Problem statement:
From the records that follow, return exactly the lines beginning at the one that contains "History Of The" and ending at the one that contains "Cover image for", pictures left out.

Working data:
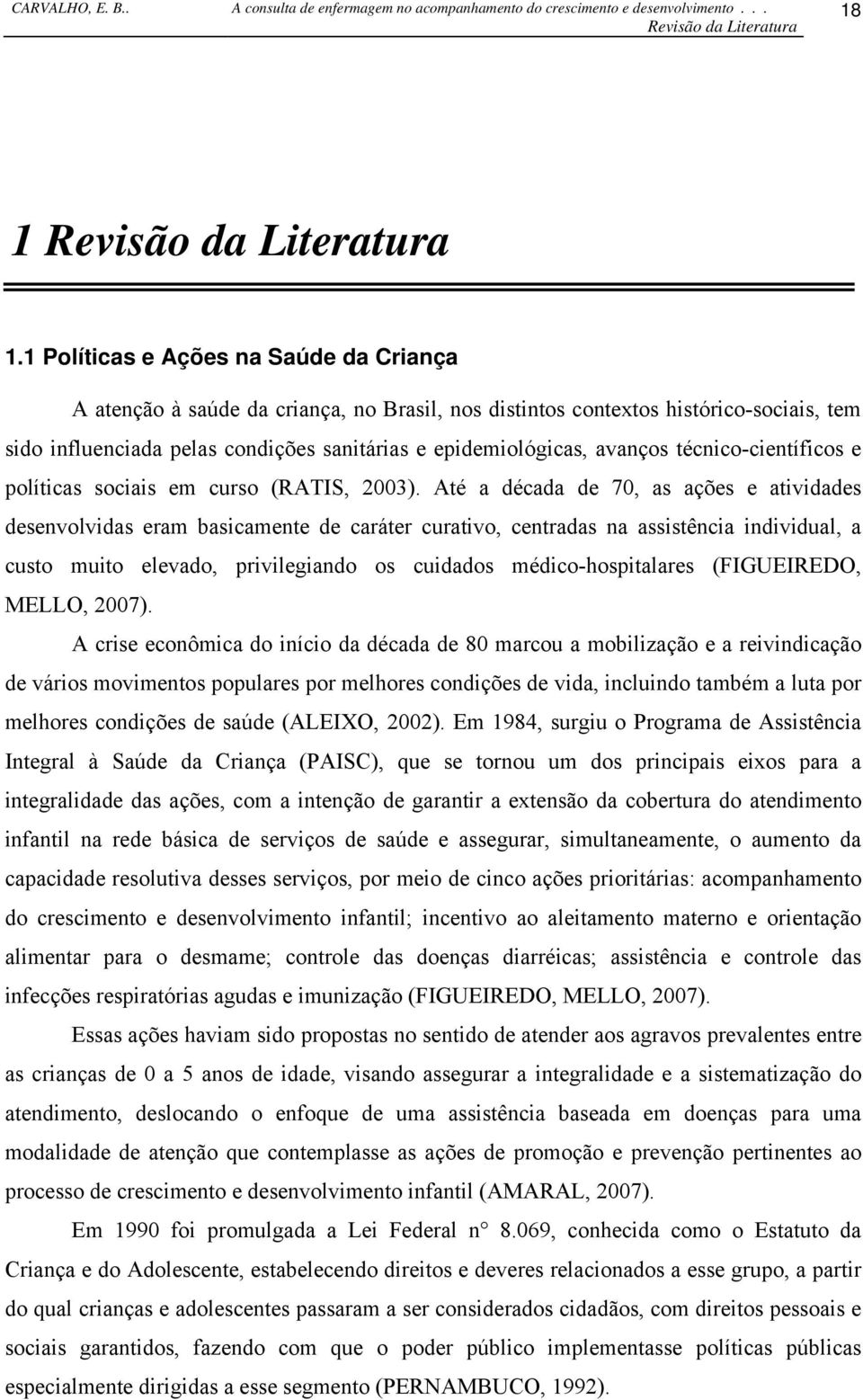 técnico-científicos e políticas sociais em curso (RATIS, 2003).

==

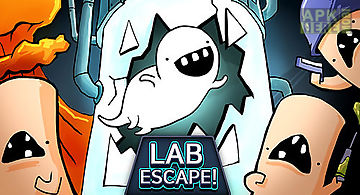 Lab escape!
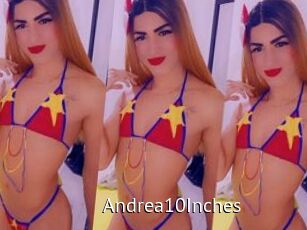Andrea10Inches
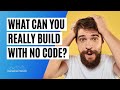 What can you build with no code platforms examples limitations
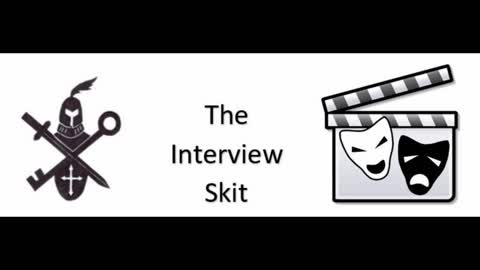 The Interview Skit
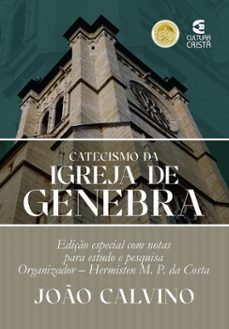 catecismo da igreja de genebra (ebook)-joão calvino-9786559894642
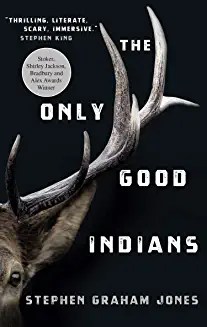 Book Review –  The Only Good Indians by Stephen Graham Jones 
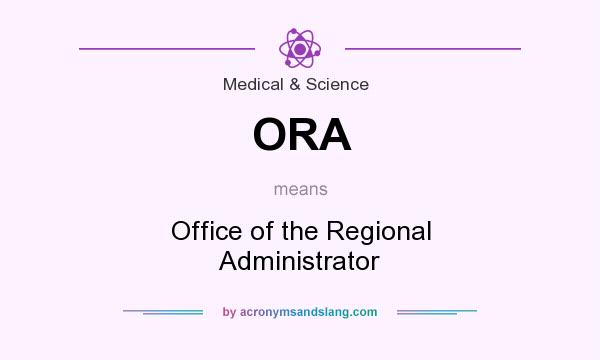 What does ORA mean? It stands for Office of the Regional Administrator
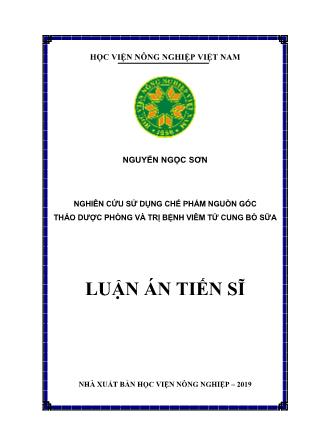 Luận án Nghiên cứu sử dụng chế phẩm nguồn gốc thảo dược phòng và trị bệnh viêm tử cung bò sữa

---

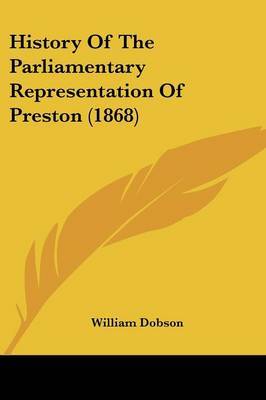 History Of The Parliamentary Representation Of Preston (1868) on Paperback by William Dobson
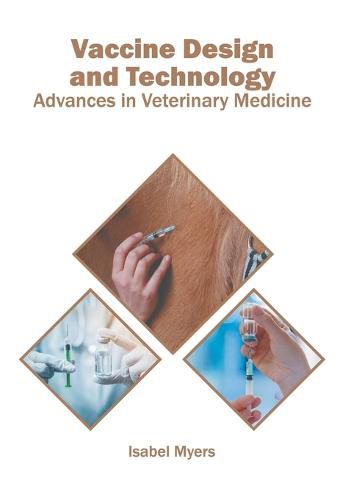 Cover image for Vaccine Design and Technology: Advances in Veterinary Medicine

Your response:
 History Of The Parliamentary Representation Of Preston (1868) on Paperback by William Dobson
 Cover image for Vaccine Design and Technology: Advances in Veterinary Medicine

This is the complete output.